PROBLEM REQUIREMENTS: Exact copy, pictures excluded: set down only the lines from the one with "Main strike from" through the end of the entries, keeping both end lines.
———
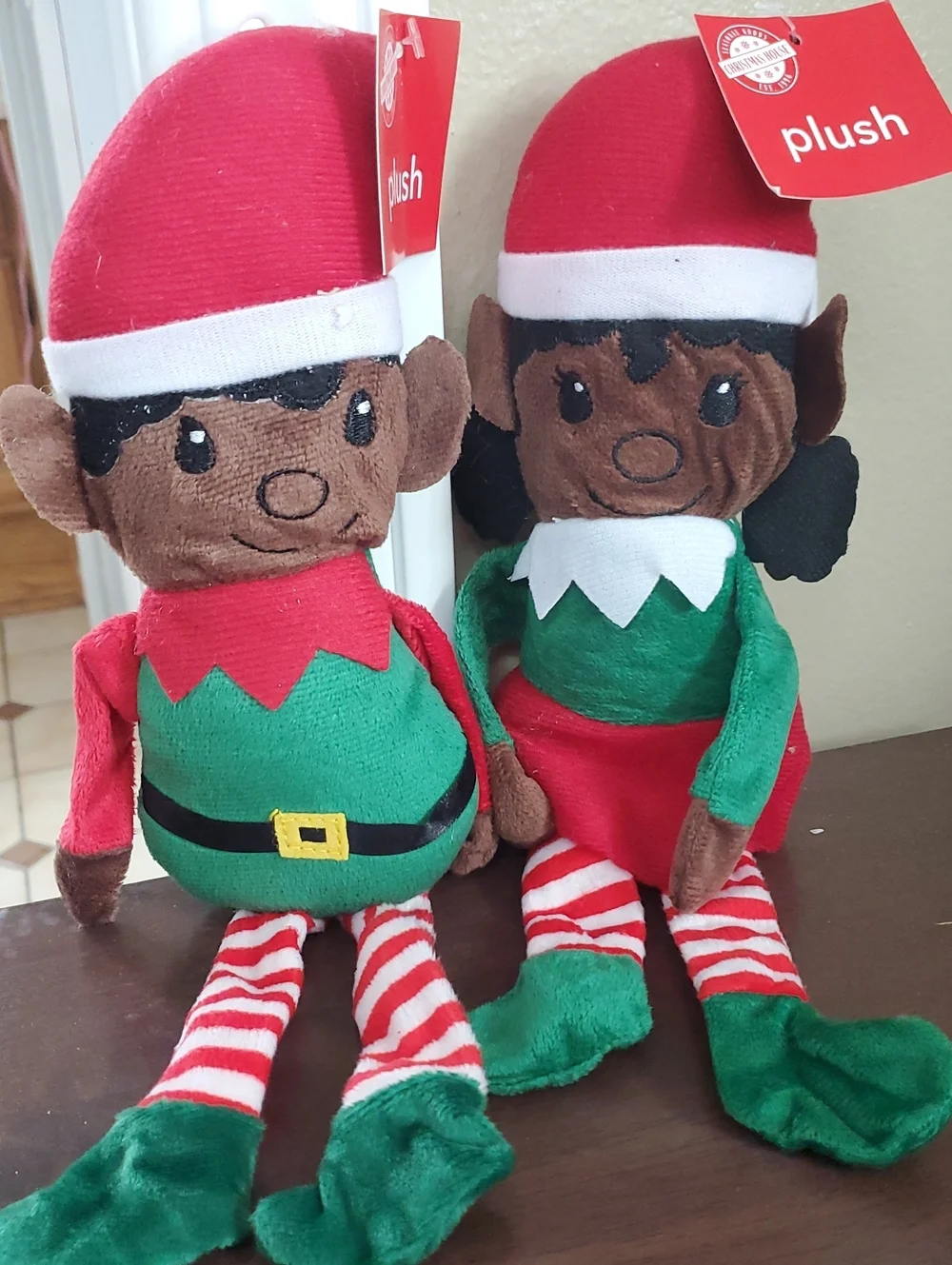 Stanley Plush Holiday Elf Dolls.  Red, Green, White, Brown Skin.  25 Dolls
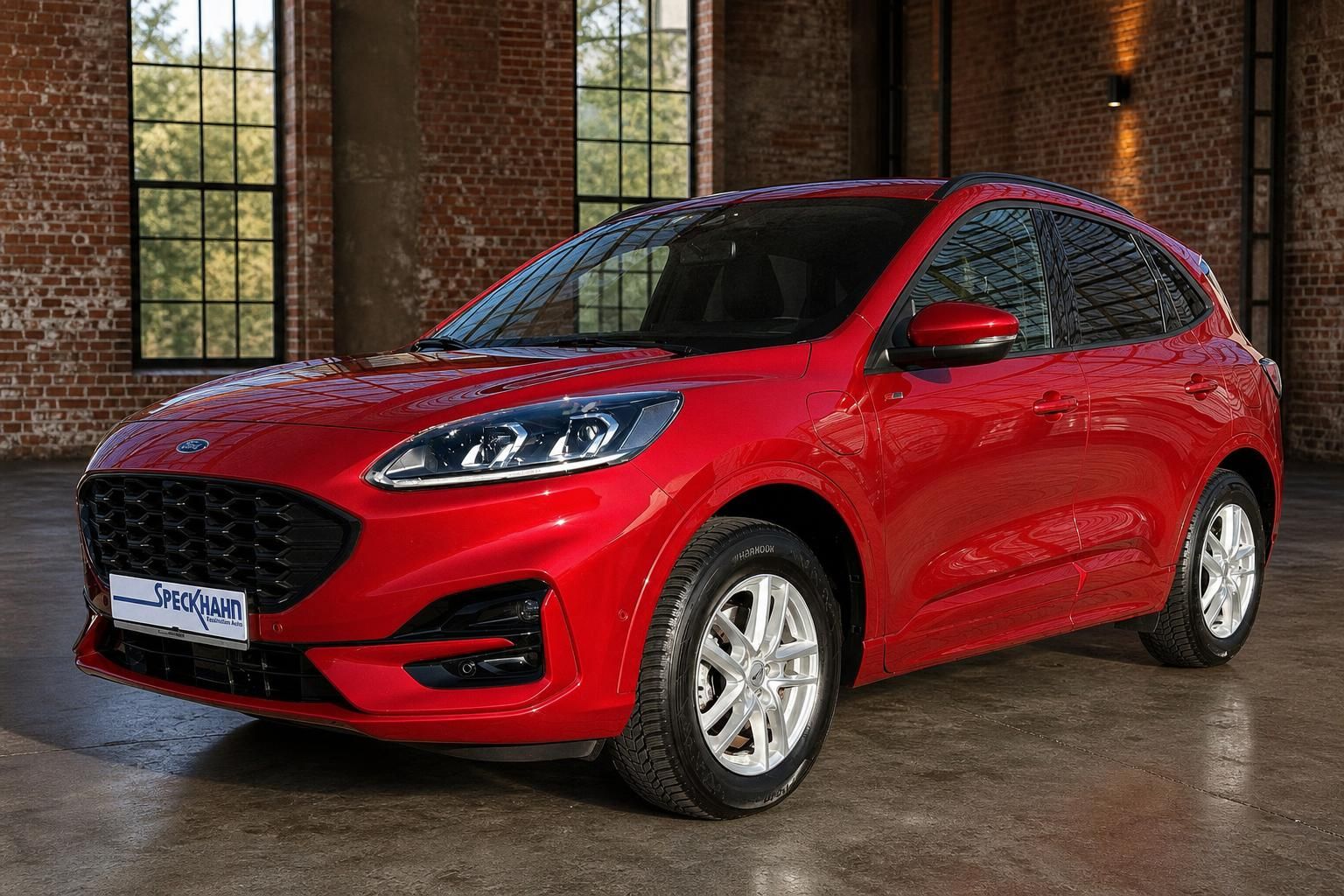 Ford Kuga Hybrid rot Frontansicht schräg in Industriehalle bei Speckhahn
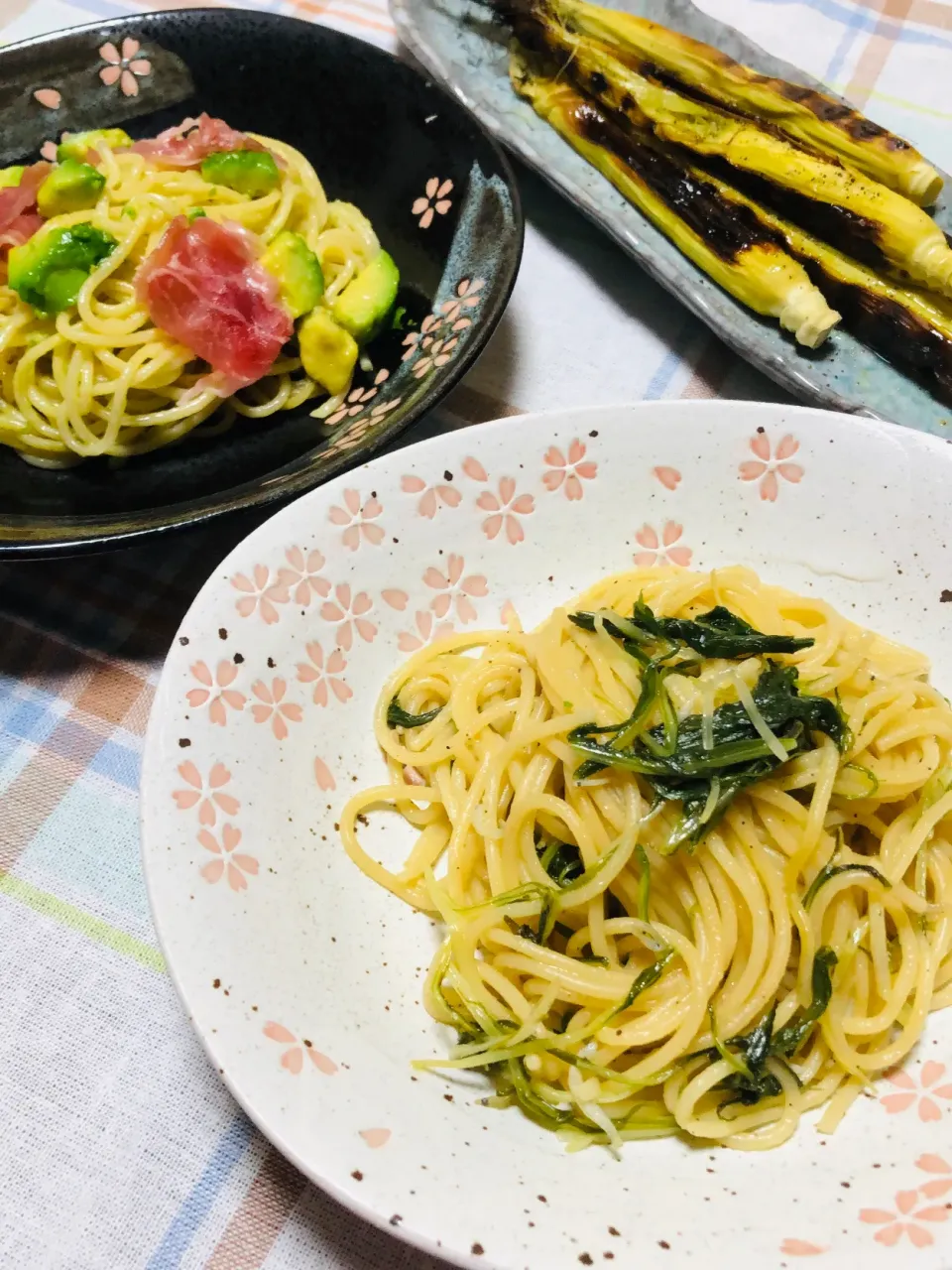 Snapdishの料理写真:アボカドと生ハムのクリームパスタ、ジャコと水菜のオイルパスタ|まめすけ⭐︎さん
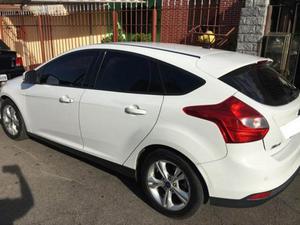 FORD FOCUS HATCH 1.6 SE POWERSHIFT - BRANCO - 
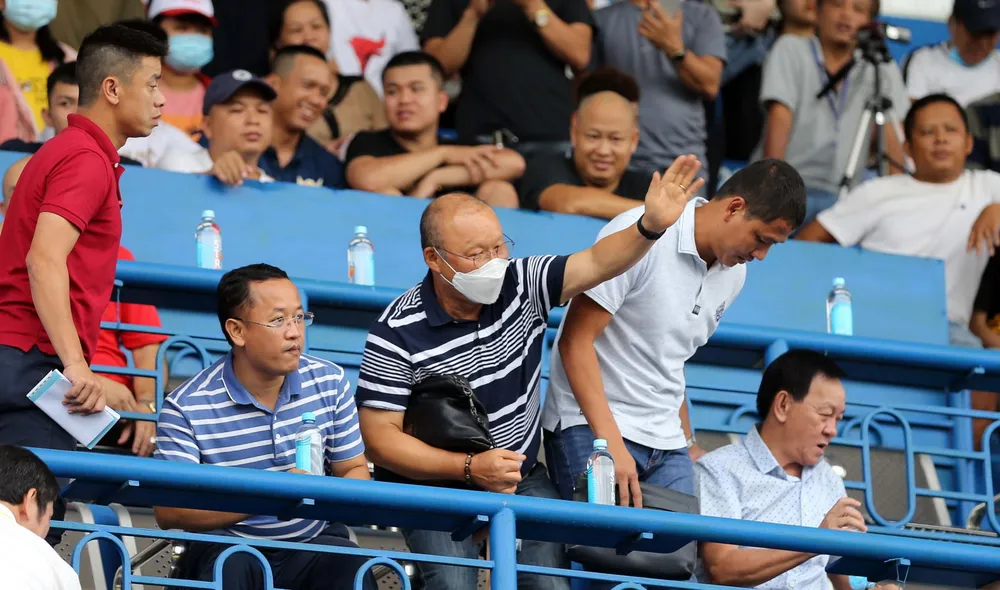Hà Nội FC giành 3 điểm trên sân Bình Dương trong trận đấu nhiều tranh cãi ảnh 1 Hà Nội FC giành 3 điểm trên sân Bình Dương trong trận đấu nhiều tranh cãi ảnh 1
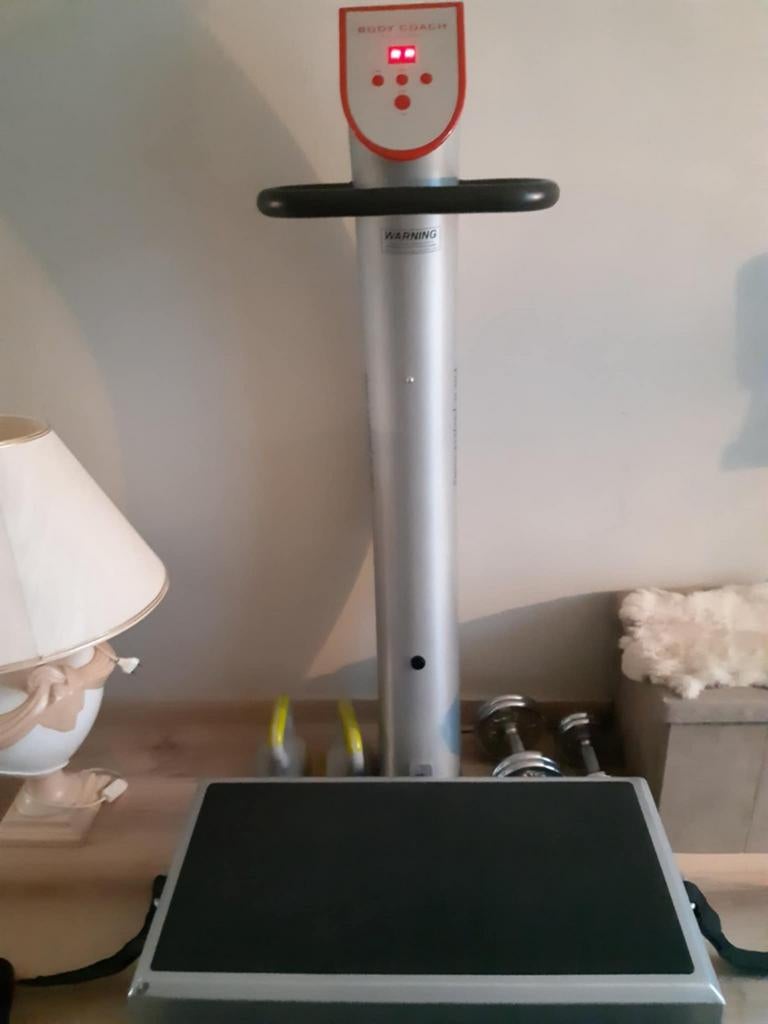 Trilplaat bodycoach.als nieuw.moet zo vlug mogelijk weg., Ophalen, Trilplaat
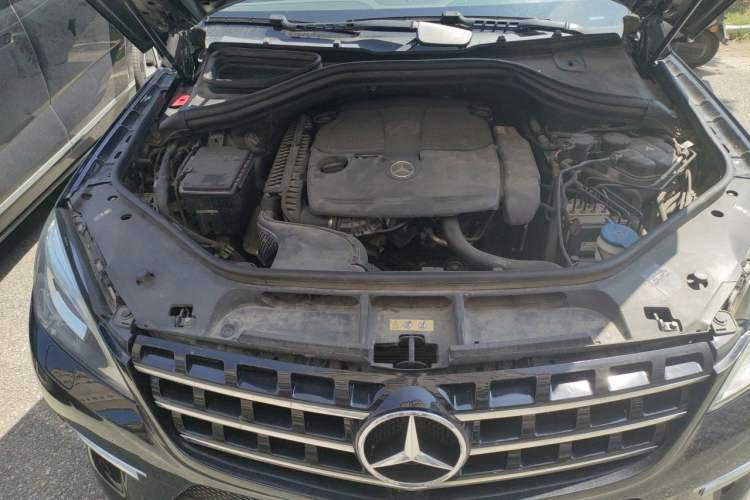 Used Mercedes-Benz M-Class 2012 ML 300 Engine Bay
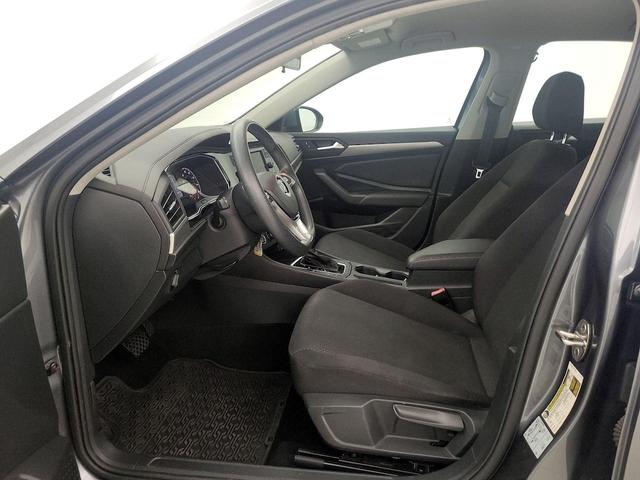 Photo of 2019 Gray Volkswagen Jetta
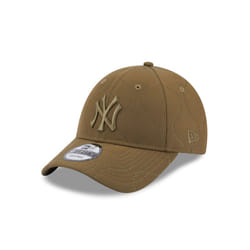 New Era Mens MLB Adjustable 9Forty Quilted Cap ~ New York Yankees olive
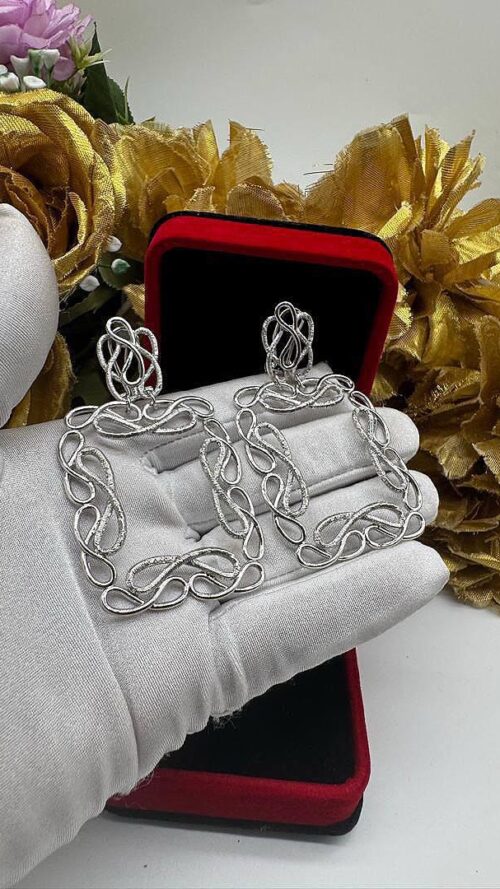 Earrings 84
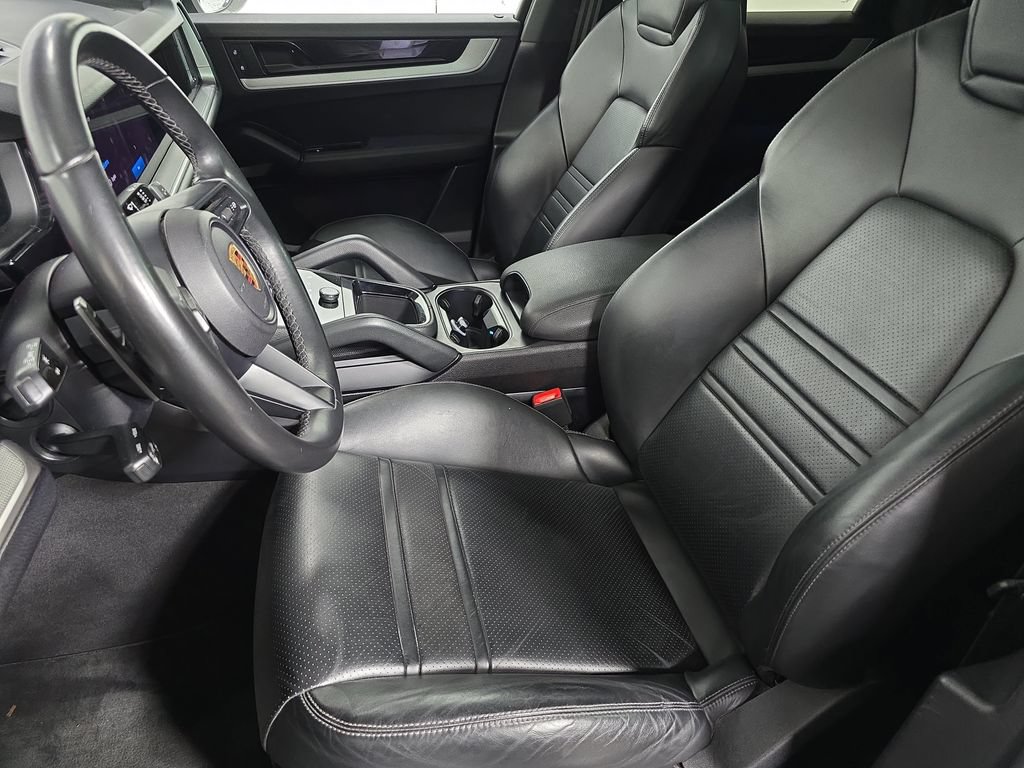 Certified 2024 Porsche Cayenne S AWD/4WD image 5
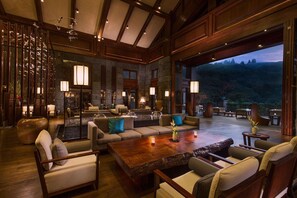 Lobby - Hainan Qixianling Tsurukawa Spa Hotel (Baoting)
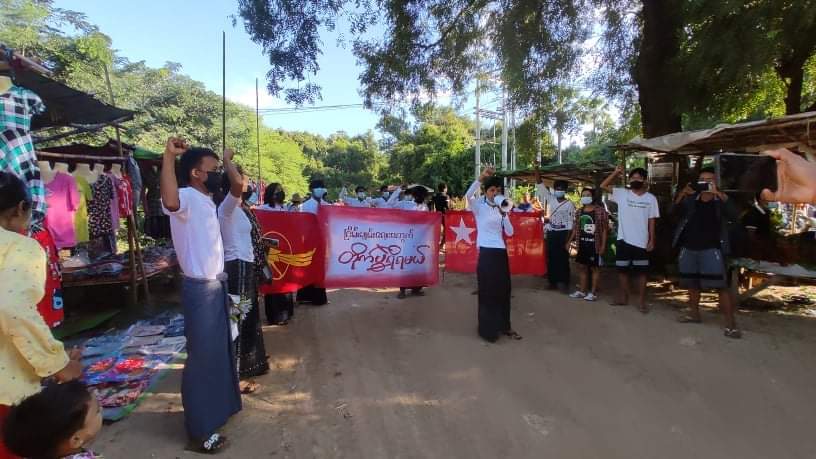 Main strike from Latpadaung taung, SarLinGyi and Monywa students union join forces to protest against military dictatorship while shouting slogans "battle for peace"!
#UN_TimeForAction
#Nov3Coup  
#WhatsHappeningInMyanmar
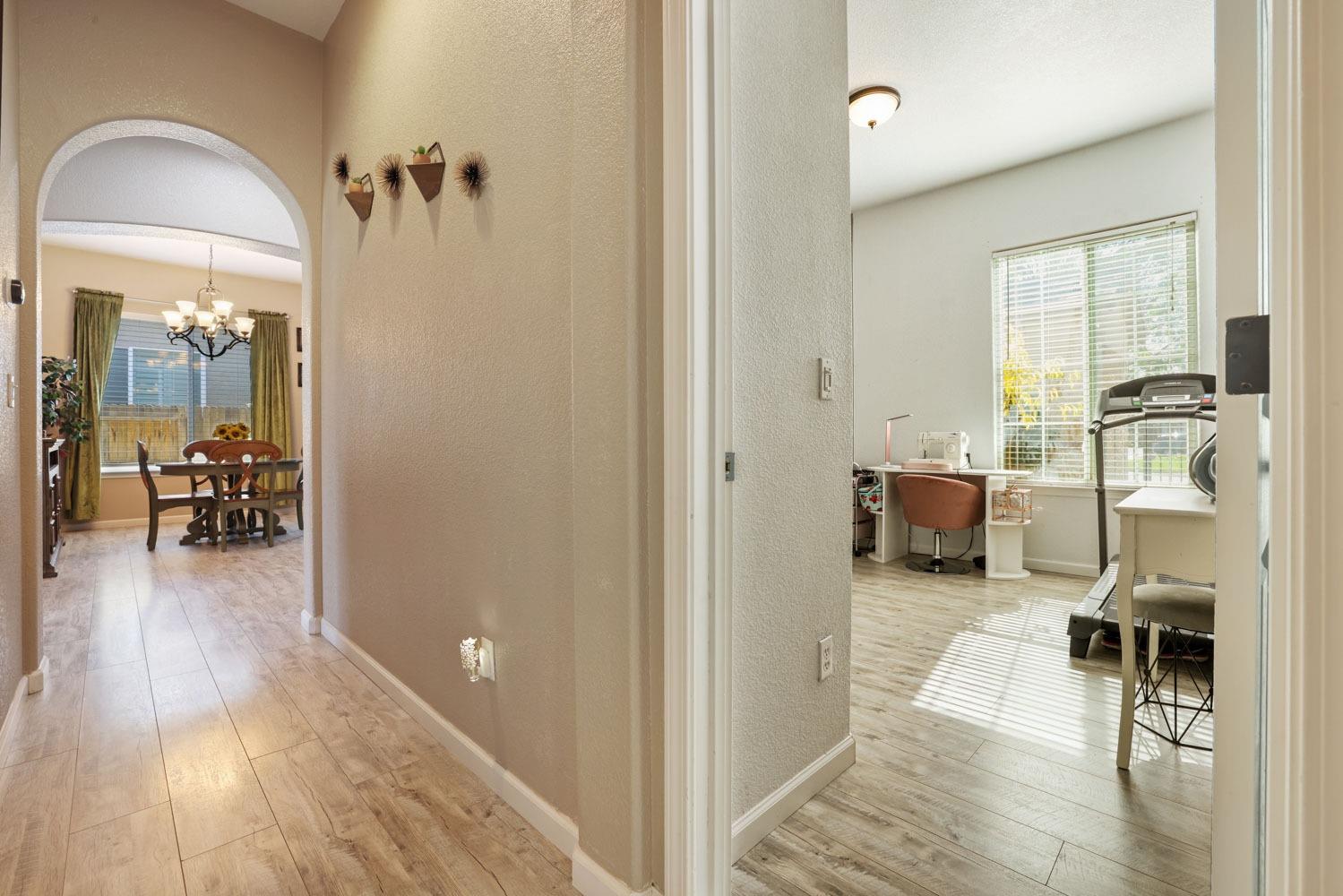 Detail Gallery Image 14 of 54 For 1495 Vasco St, Manteca,  CA 95337 - 4 Beds | 2 Baths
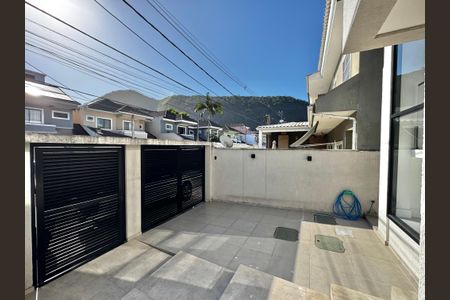 Casa de condomínio para alugar com 300m², 3 quartos e 2 vagasÁrea externa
———
ANSWER TO THIS PROBLEM:
 Main strike from Latpadaung taung, SarLinGyi and Monywa students union join forces to protest against military dictatorship while shouting slogans "battle for peace"!
#UN_TimeForAction
#Nov3Coup  
#WhatsHappeningInMyanmar
 Detail Gallery Image 14 of 54 For 1495 Vasco St, Manteca,  CA 95337 - 4 Beds | 2 Baths
 Casa de condomínio para alugar com 300m², 3 quartos e 2 vagasÁrea externa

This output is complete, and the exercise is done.